INNOCENTIVS, EPISCOPUS,
SERVUS SERVORUM DEI
SERVUS SERVORUM DEI
A nuestro venerado hermano en el episcopado, al presbiterio, diáconos, seminaristas, miembros de la vida consagrada y a todos los fieles de la Arquidiócesis de San José, gracia y paz en Nuestro Señor Jesucristo.
Ya de regreso en Roma, sigo llevando muy presente en el corazón todo lo que pude vivir durante estos días entre ustedes, han sido jornadas de mucha alegría, oración, fraternidad y cercanía, y quiero agradecerles de corazón por haberme hecho sentir verdaderamente en casa, guardo con especial cariño los encuentros con el clero, las conversaciones compartidas, la cercanía con los seminaristas y diáconos, y también el testimonio sencillo y generoso de las religiosas, cada uno de esos momentos me permitió conocer más de cerca la vida de esta Iglesia de San José y descubrir en ustedes un deseo sincero de seguir caminando juntos en la fe.

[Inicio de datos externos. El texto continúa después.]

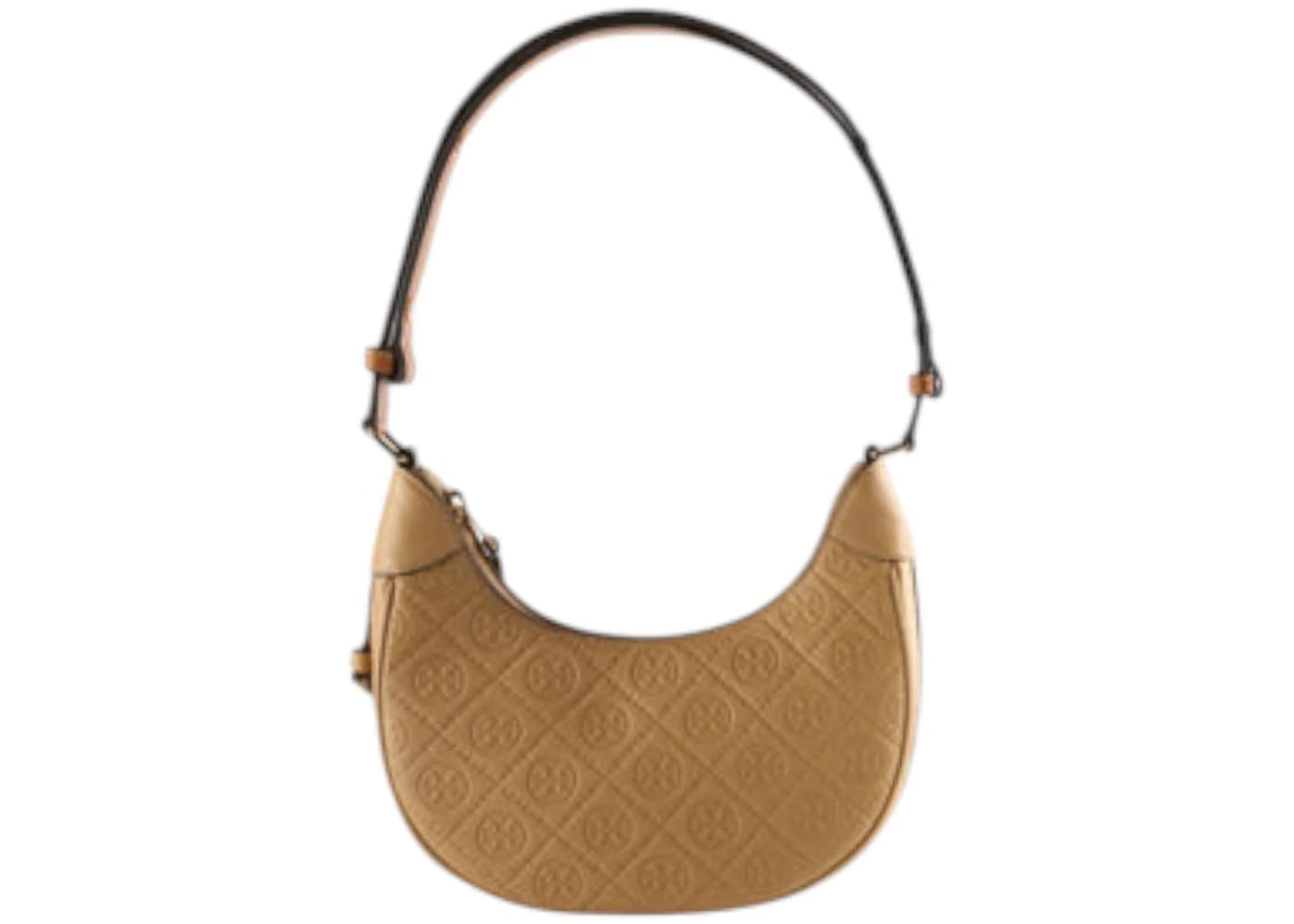 Tory Burch T Monogram Pebble Crescent Bag Biscotti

Uno de los momentos que más profundamente llevo conmigo fue la ordenación de los dos nuevos diáconos, verlos ponerse al servicio de la Iglesia fue motivo de mucha esperanza para mí, y le pido al Señor que los sostenga, que haga fecundo su ministerio y que de esta Iglesia sigan naciendo nuevas vocaciones generosas.

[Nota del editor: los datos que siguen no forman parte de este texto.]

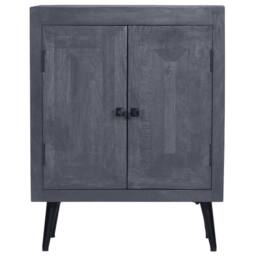 Berkfield Home Sideboard Solid Mango Wood 60x30x76 cm in Grey - Size: 60 x 30 x 76 cm - thumbnail 3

También guardo con especial cariño el recuerdo de la consagración del nuevo templo de las Hijas del Glorioso Patriarca San José, esas hermanas tan queridas que, con sencillez y entrega, sirven silenciosamente a la Iglesia, en ellas he podido contemplar una vida ofrecida desde el amor, la oración y la fidelidad cotidiana; una presencia discreta, pero profundamente fecunda, que sostiene y embellece la vida de esta comunidad.
Para mí no son simplemente una comunidad religiosa más, sino hermanas muy cercanas al corazón, hermanas en el servicio y en la fe, cuyo testimonio deja una huella profunda, y le pido al Señor que ese nuevo templo sea siempre casa de oración, refugio de esperanza y lugar donde muchas almas puedan encontrarse con Dios bajo la protección del glorioso Patriarca San José.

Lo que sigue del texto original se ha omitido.